So I put my hands up, they're playin' my song
The butterflies fly away
I'm noddin' my head like "Yeah!"
Movin' my hips like "Yeah!"

Got my hands up, they're playin' my song
And now I'm gonna be okay
Yeah! It's a party in the USA!
Yeah! It's a party in the USA!

Stay thy hand Toby Keith!

Feel like hoppin' on a flight, on a flight
Back to my hometown tonight, town tonight

Jesus Christ kid, you just got here. No one likes a quitter.

Something stops me every time, every time
The DJ plays my song and I feel alright

Now I can certainly attest to having emotional upswings tied to particularly good music, but if you're tying your major life decisions to the whims of the DJ, especially in the face of today's shitty corporate radio landscape, well you may be in for a tough time. On the other hand, if her favorite song is "I've Got A Feeling" by the Black Eyed Peas there's a pretty good chance that she'll be dead of natural causes before it drops out of rotation.

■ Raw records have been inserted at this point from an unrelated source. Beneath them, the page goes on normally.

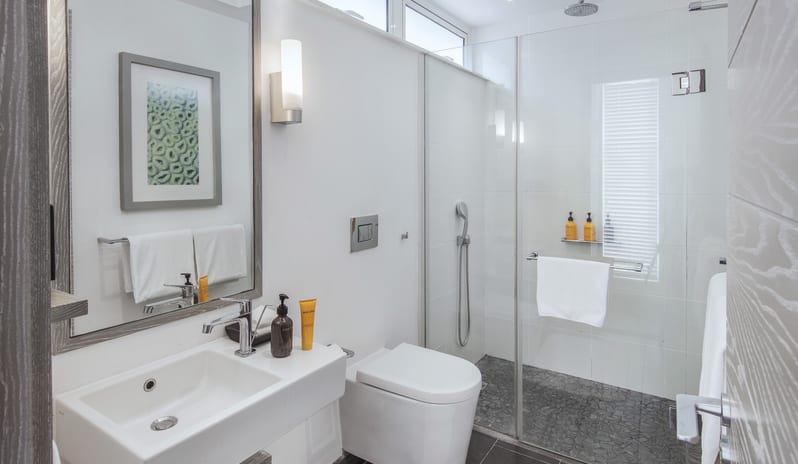 Family Suite bathroom featuring a modern vanity sink, mirror, toilet, and walk-in glass shower enclosure at Long Beach Mauritius by Kenwood Travel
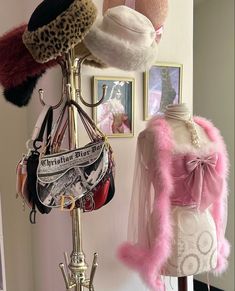 several hats and purses are hanging on a rack in front of a dress mannequin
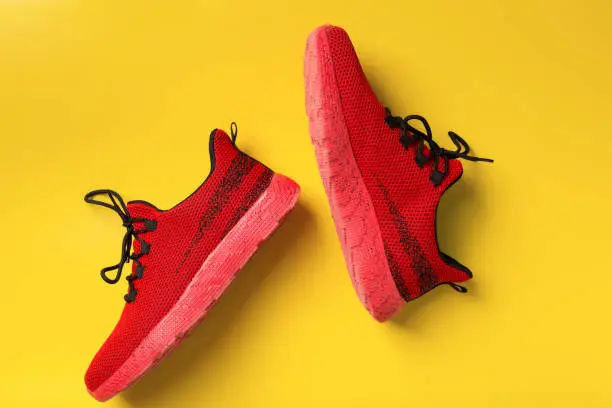 Red sports shoes on yellow background, top view.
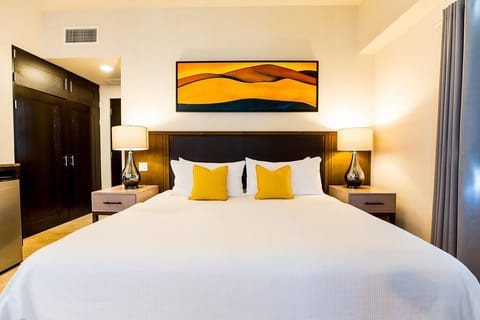 Drift off in crisp linens framed by warm, modern lighting.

So I put my hands up, they're playin' my song
The butterflies fly away
I'm noddin' my head like "Yeah!"
Movin' my hips like "Yeah!"

Got my hands up, they're playin' my song
And now I'm gonna be okay
Yeah! It's a party in the USA!
Yeah! It's a party in the USA!

Yes, yes, we know. Hips, hands, party, USA. Toby Keith is pleased. You can keep on living. For now.

As much as I rag on the song, I really do enjoy it. I can only hope that it replaces "Born in the USA" in the various GOP functions for while I always chuckled to hear an incredibly scathing comdemnation of the US used for Republican shin-digs, I'll laugh harder watching Newt Gingrich move his hips like "yeah". Then I'll probably throw up.

2 comments:

Booster MPS said...

So I think she actually wrote this song as literally as you pulled it apart......but it catchy. Let's just leave that as our secret.

Kasey said...

so, i'm a total creep and don't know you, but i was searching online to make sure i wasn't the only person who hated the first line because of the fact that you CANNOT SEE THE HOLLYWOOD SIGN FROM LAX!!!!!!!! so, um, thank you. for letting me know i'm not alone.